WORK ITEM: Pictures should be excluded; otherwise, copy every entry exactly.

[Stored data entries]
****************************************
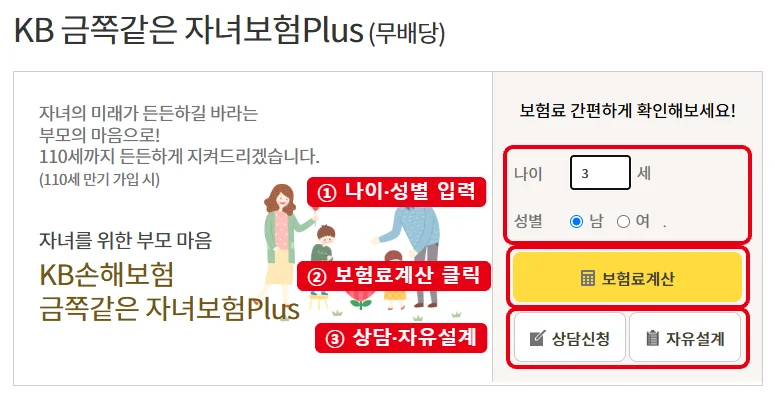 KB손해보험 금쪽같은 자녀보험Plus 상품 페이지에서 나이·성별 입력칸과 보험료계산 버튼, 상담신청·자유설계 버튼을 빨간 테두리로 표시한 화면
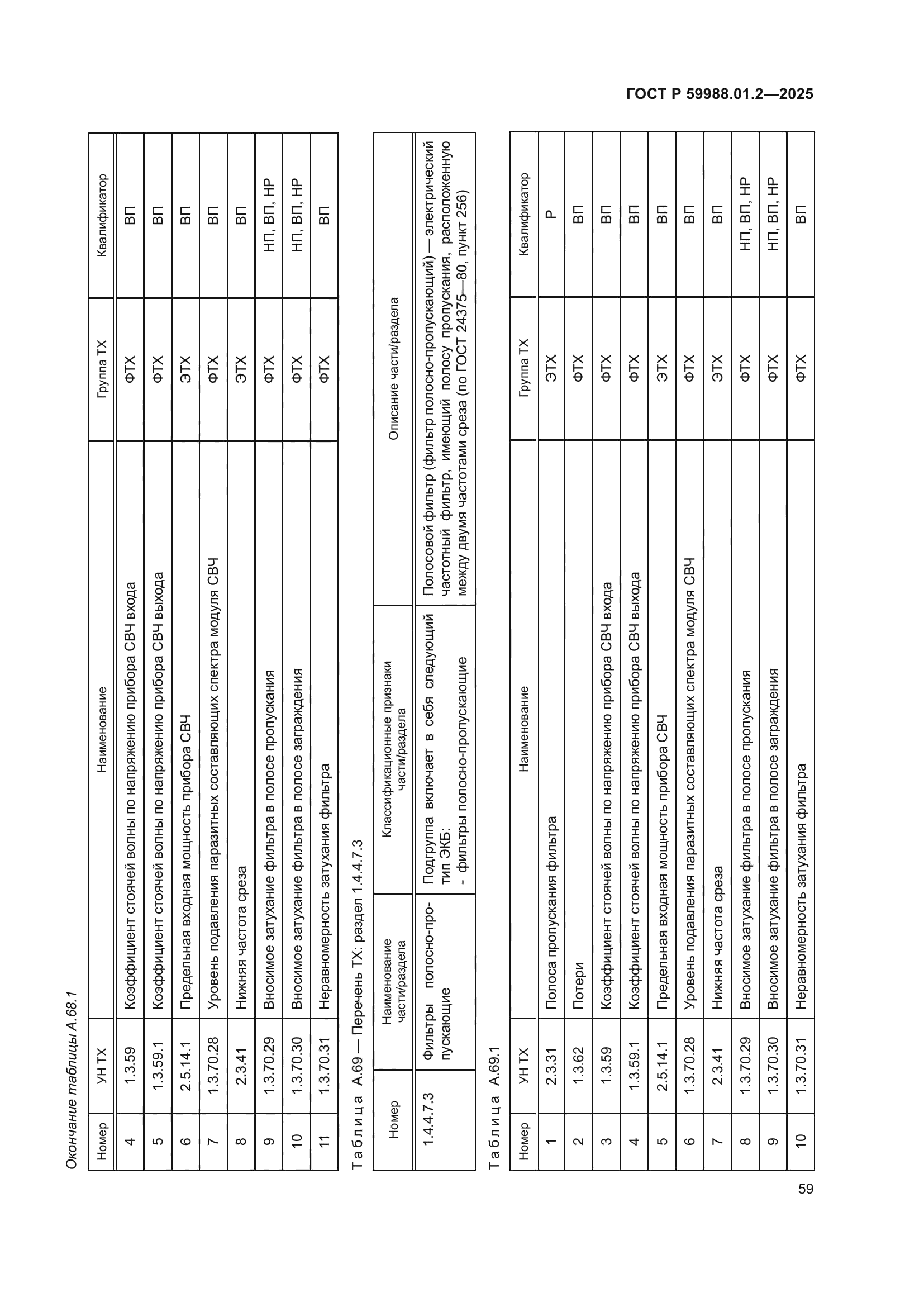 ГОСТ Р 59988.01.2-2025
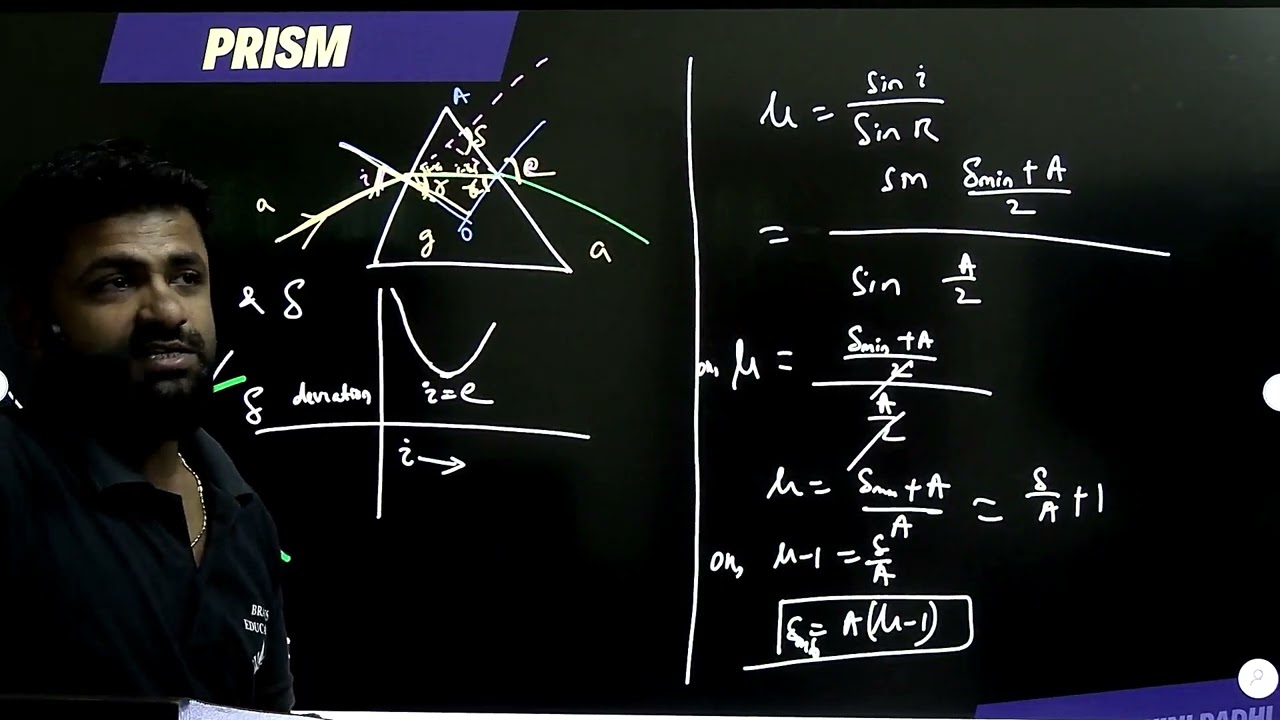 Prism and its important derivation | Unveiling the Prism: A Deep Dive into Optics By Padhi's Physics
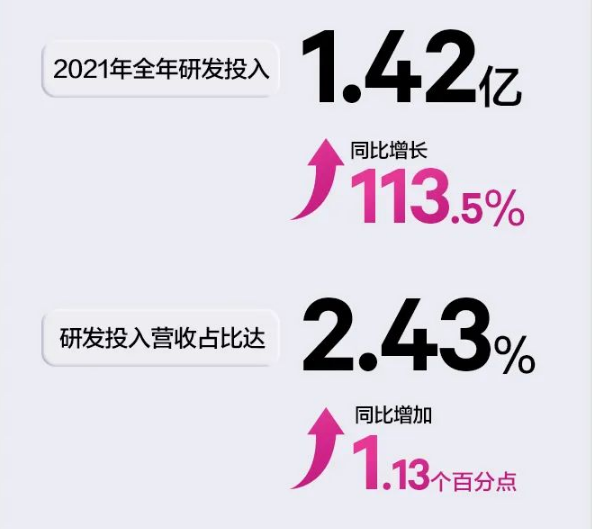 内容图片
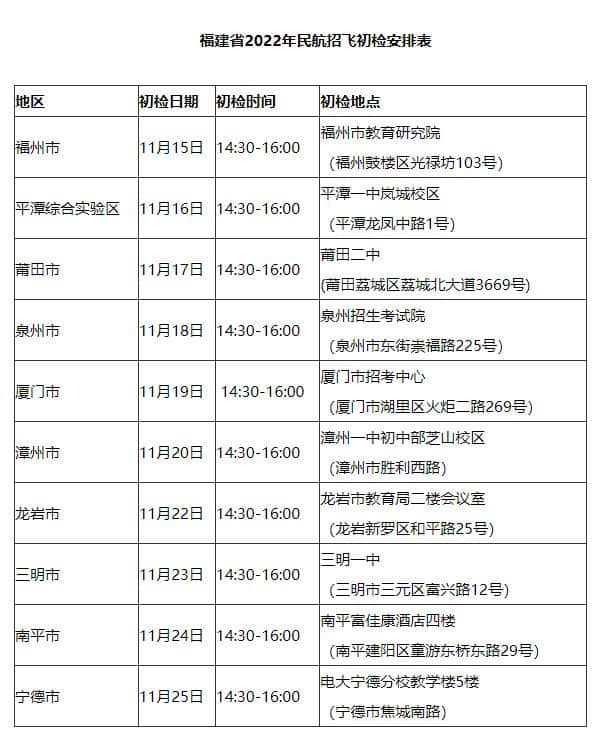 福建：关于做好2022年招收民航飞行学员工作的通知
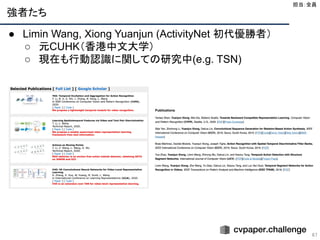 強者たち
67
● Limin Wang, Xiong Yuanjun (ActivityNet 初代優勝者）
○ 元CUHK（香港中文大学）
○ 現在も行動認識に関しての研究中(e.g. TSN)
担当：全員 
 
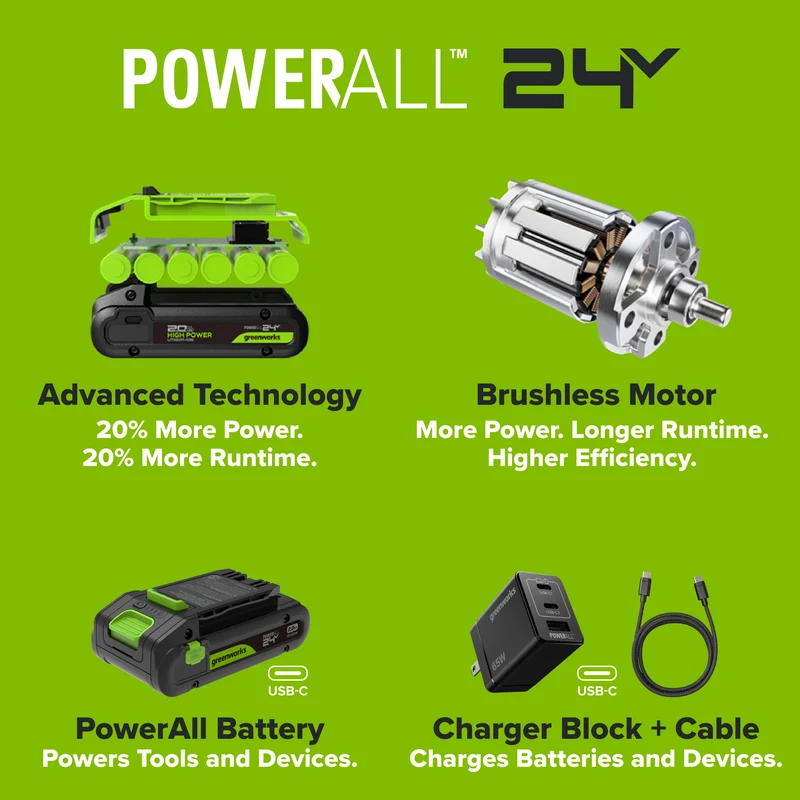 24V PowerAll Battery 2-Pack, with (2) 2.0 Ah Batteries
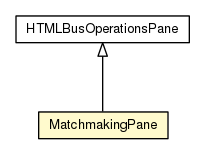Package class diagram package MatchmakingPane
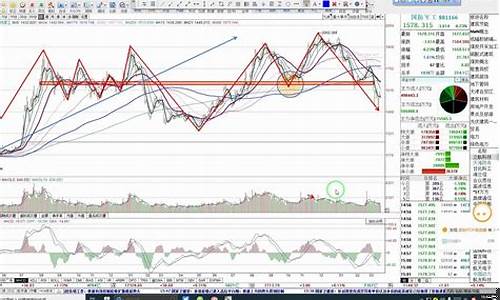 半导体板块下周走势如何(半导体板块下跌今日)_https://www.xzdzcjx.com_上交所_第1张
****************************************
ANSWER BOX:
 KB손해보험 금쪽같은 자녀보험Plus 상품 페이지에서 나이·성별 입력칸과 보험료계산 버튼, 상담신청·자유설계 버튼을 빨간 테두리로 표시한 화면
 ГОСТ Р 59988.01.2-2025
 Prism and its important derivation | Unveiling the Prism: A Deep Dive into Optics By Padhi's Physics
 内容图片
 福建：关于做好2022年招收民航飞行学员工作的通知
 強者たち
67
● Limin Wang, Xiong Yuanjun (ActivityNet 初代優勝者）
○ 元CUHK（香港中文大学）
○ 現在も行動認識に関しての研究中(e.g. TSN)
担当：全員 
 
 24V PowerAll Battery 2-Pack, with (2) 2.0 Ah Batteries
Package class diagram package MatchmakingPane
 半导体板块下周走势如何(半导体板块下跌今日)_https://www.xzdzcjx.com_上交所_第1张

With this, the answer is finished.